+++ Supplied records +++

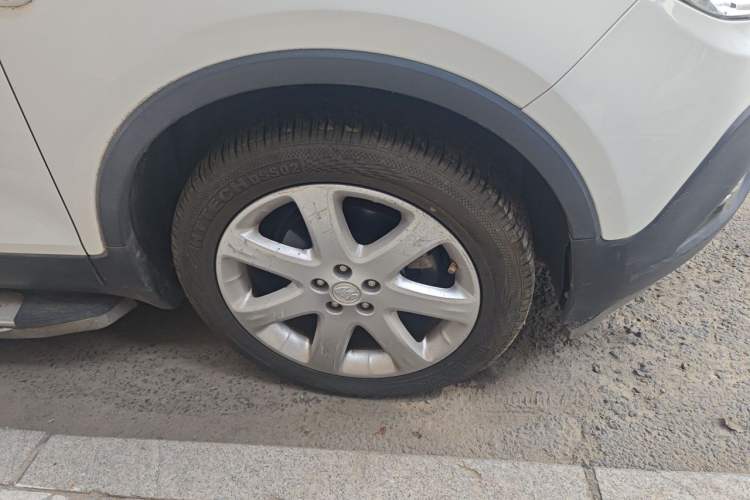 Used Buick Encore 2013 1.4T Automatic Two-Wheel Drive Leading Model Right Front Wheel Hub
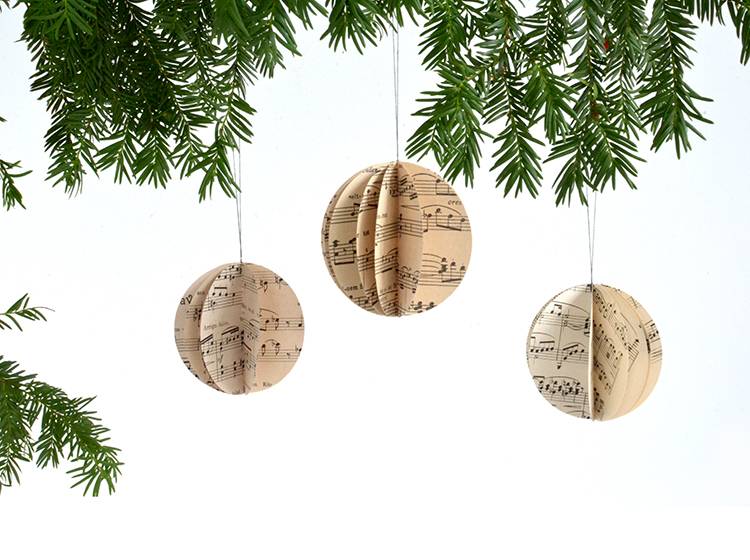 Renna Deluxe Frohe Weihnachtskarte mit Weihnachtskugel Neueste Mode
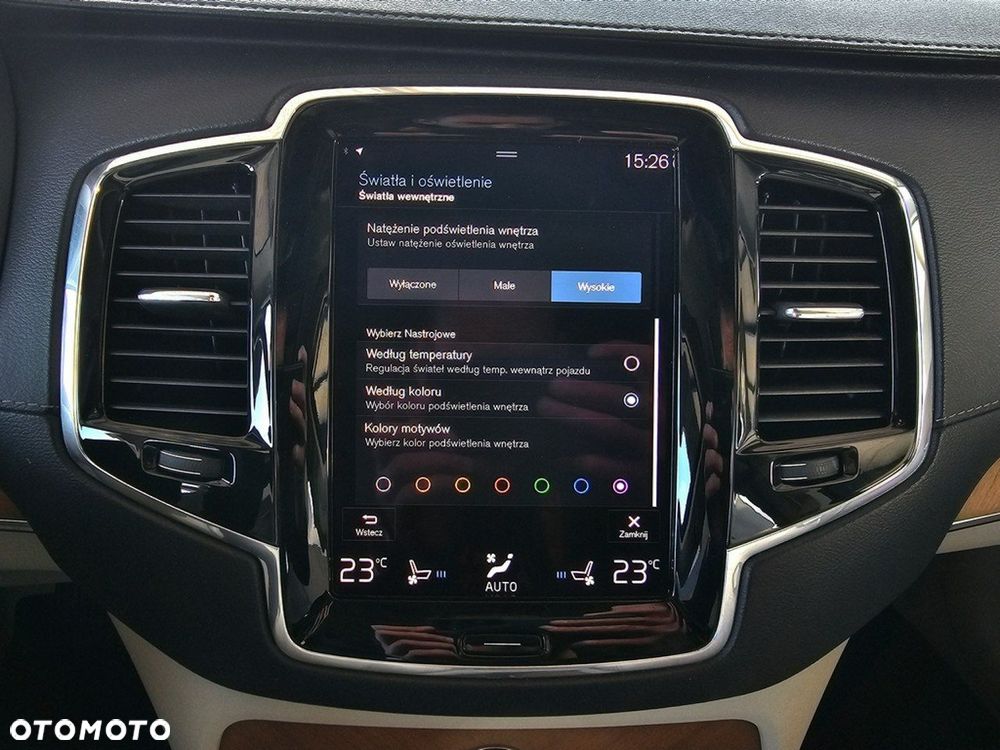 Volvo XC 90 - 38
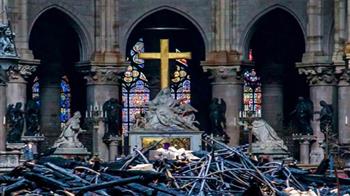فرنسا : 840 مليون يورو من التبرعات لتمويل ترميم كاتدرائية موتردام دو باريس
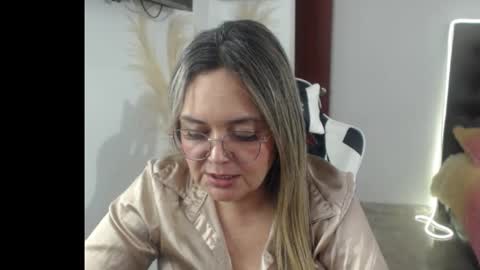 samy_vsn online show from October 25, 9:09 pm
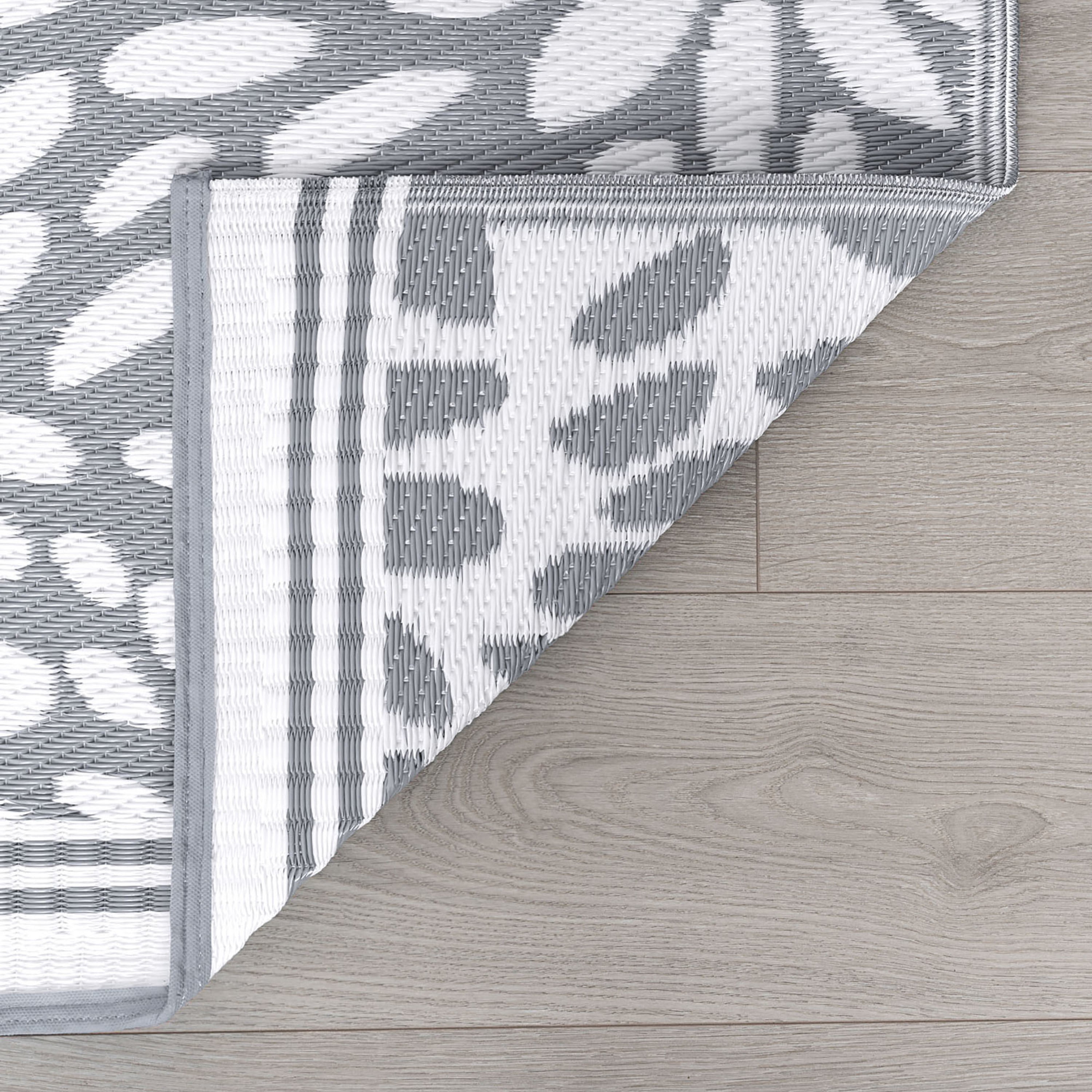 9x12 Reversible Gray and White Polypropylene Outdoor Floral Area Rug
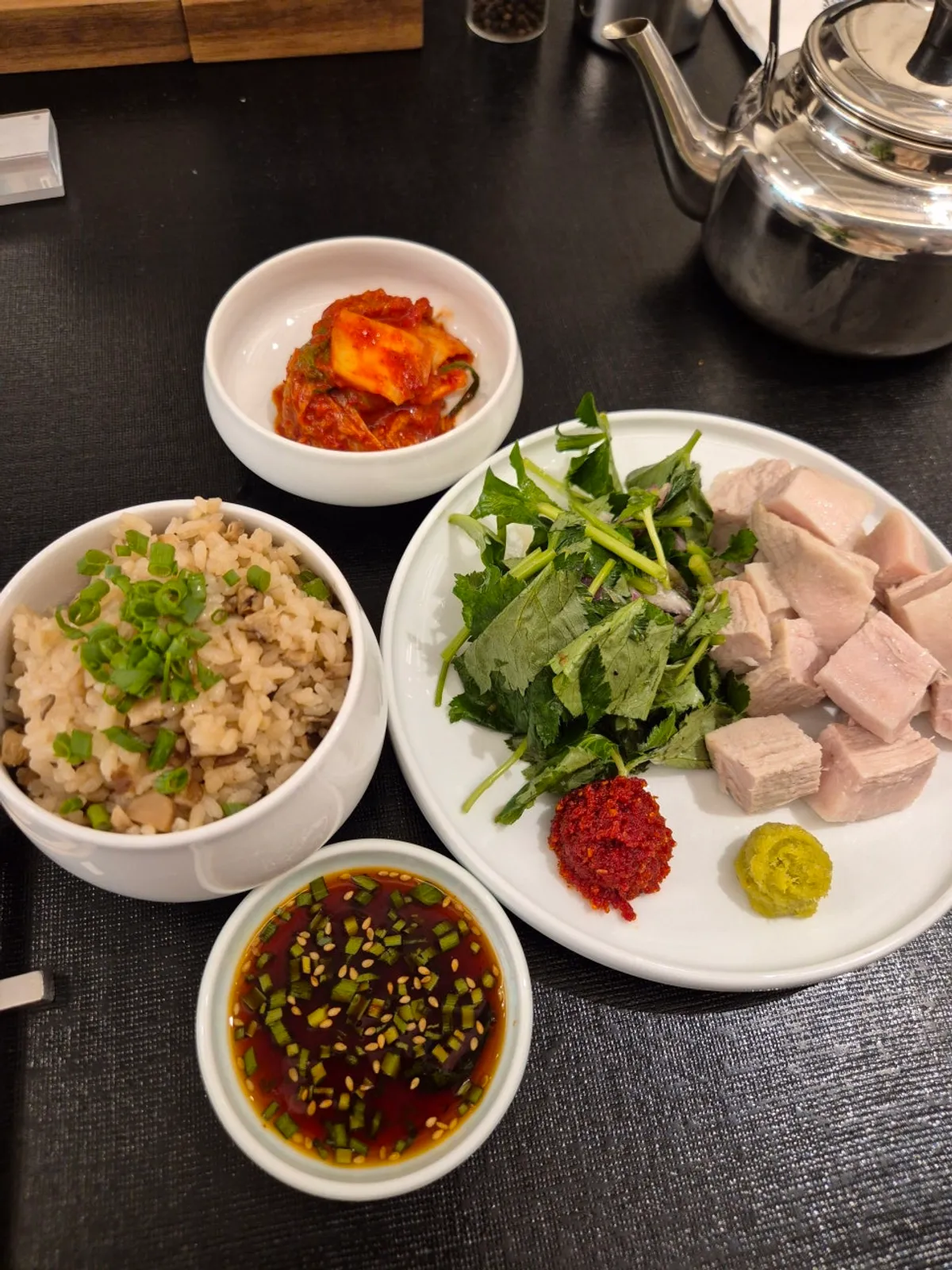 탄백 곰칼국수 한 그릇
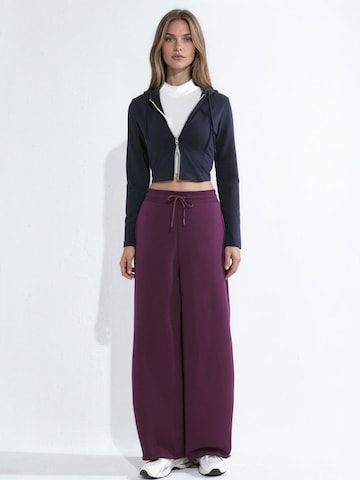 Skinny Pantalon de sport 'Jogginghose' Hiccup en rouge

+++

[Work instruction]:
Your answer should be an exact copy of the records above, with no pictures in it.

[Response area]:
 Used Buick Encore 2013 1.4T Automatic Two-Wheel Drive Leading Model Right Front Wheel Hub
 Renna Deluxe Frohe Weihnachtskarte mit Weihnachtskugel Neueste Mode
 Volvo XC 90 - 38
فرنسا : 840 مليون يورو من التبرعات لتمويل ترميم كاتدرائية موتردام دو باريس
 samy_vsn online show from October 25, 9:09 pm
 9x12 Reversible Gray and White Polypropylene Outdoor Floral Area Rug
 탄백 곰칼국수 한 그릇
 Skinny Pantalon de sport 'Jogginghose' Hiccup en rouge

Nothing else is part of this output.